MacWilliams Theory over Zk and nu-functions over Lattices

TL;DR

The paper generalizes MacWilliams duality to $m$-tuple weight enumerators over $\mathbb{Z}_k$ and to complete weight enumerators over $\mathbb{Z}_k[xi]$, establishing the corresponding duality identities $W_{C^{perp}}^{(m)}(z) = (1/|C|) (1+(k^m-1) z)^n W_{C}^{(m)}( (1-z)/(1+(k^m-1) z) )$ for codes and its multilinear variant. It then extends finite Fourier transform techniques to the matrix ring $\mathbb{Z}_k^{m\times n}$ and proves the generalized Poisson summation leading to the $m$-tuple MacWilliams identity for code families. The study of the nu-function on lattices yields a new ternary-code lattice formula (Theorem 4) and demonstrates, via counterexamples, that Solé's conjecture linking dual nu-functions fails in general, though it holds for lattices associated with binary codes.
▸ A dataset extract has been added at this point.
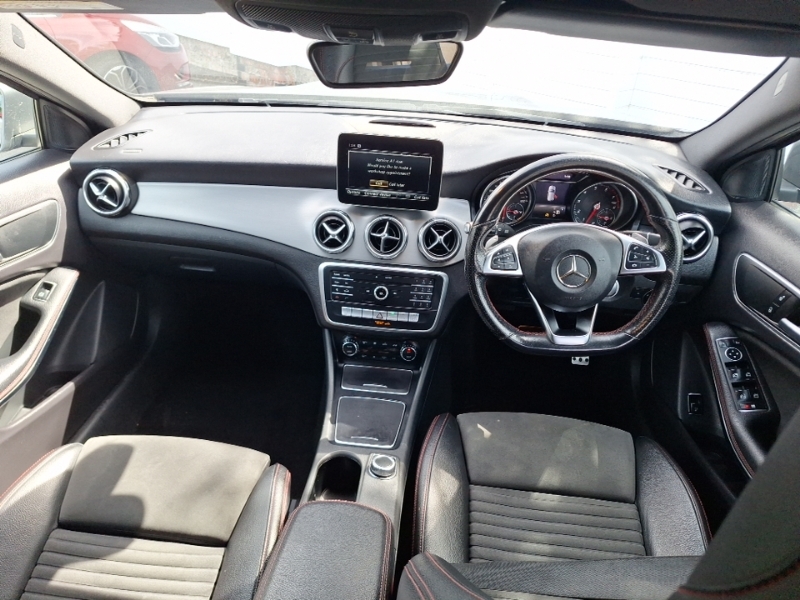 Mercedes-Benz GLA Class Gla 200 Amg Line Edition LG69NPY Grey #3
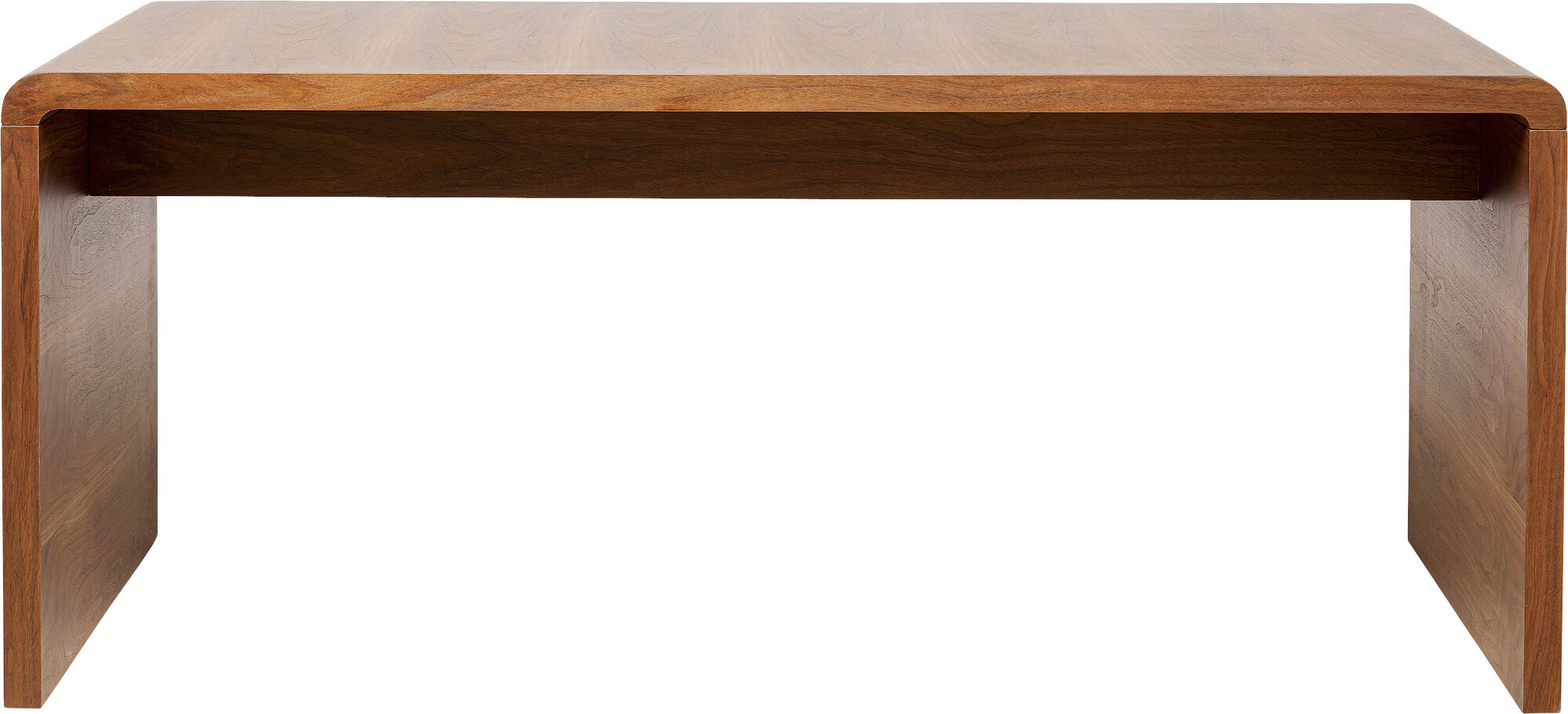 Schreibtisch Club Walnut 180x85cm – Grafik-1.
Collectively, the results deepen the code–lattice duality theory, clarify the limits of conjectured continuous dualities in higher algebraic structures, and have implications for multidimensional vector quantization and lattice-based coding schemes.

Abstract

Continuing previous works on MacWilliams theory over codes and lattices, a generalization of the MacWilliams theory over $\mathbb{Z}_k$ for $m$ codes is established, and the complete weight enumerator MacWilliams identity also holds for codes over the finitely generated rings $\mathbb{Z}_k[ξ]$. In the context of lattices, the analogy of the MacWilliams identity associated with nu-function was conjectured by Solé in 1995, and we present a new formula for nu-function over the lattices associated with a ternary code, which is rather different from the original conjecture. Furthermore, we provide many counterexamples to show that the Solé conjecture never holds in the general case, except for the lattices associated with a binary code.